Q: Does including AGENTS.md
increase token usage and cost, and how do you prevent context overflow?
Yes, including AGENTS.md
(or similar rule files like CLAUDE.md
) does consume tokens, but the practical impact is typically manageable with modern LLMs. The key concerns are initial token cost and eventual context limit exhaustion during long conversations.
Token Consumption
The AGENTS.md
file (and other initial context like system prompts) is sent once per conversation, not per message. However, it contributes to the total token count throughout the conversation’s lifetime. Modern models have massive context windows — often 200,000 tokens or even 1 million tokens — making it difficult to fill entirely with a single requirements document.
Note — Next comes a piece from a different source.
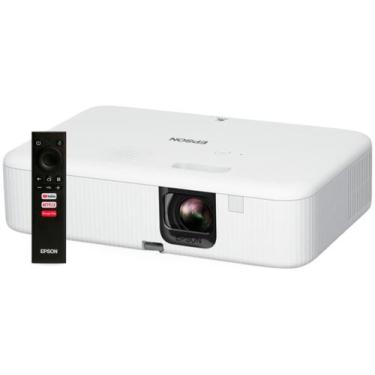 Imagem de Projetor Smart Epson EpiqVision FH02, 3000 Lumens, Bluetooth, Auto-fal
The Real Risk: Context Limit and Information Loss
The primary concern isn’t the initial cost, but what happens when a long conversation eventually hits the context limit. At that point, the agent must discard information, either by:
Dropping old messages: A very lossy approach that removes historical context entirely.
Summarizing the conversation: Less lossy but still imperfect — no matter how good the summarization, some information is inevitably lost.
Strategy: Be Mindful, Not Stressed
Adopt a balanced approach:
Curate carefully when combining many large sources (multiple MCPs, entire libraries, extensive documentation).
Don’t over-optimize for a single requirements document like
AGENTS.md
. The clarity and guidance it provides almost always justifies the token cost.
Practical Takeaway
For most use cases, the benefits of a well-written AGENTS.md
—clear instructions, reduced ambiguity, better agent behavior—far outweigh the token cost. Focus on clarity and completeness in your requirements document, and only worry about aggressive curation when you’re combining multiple large context sources or anticipating very long conversations.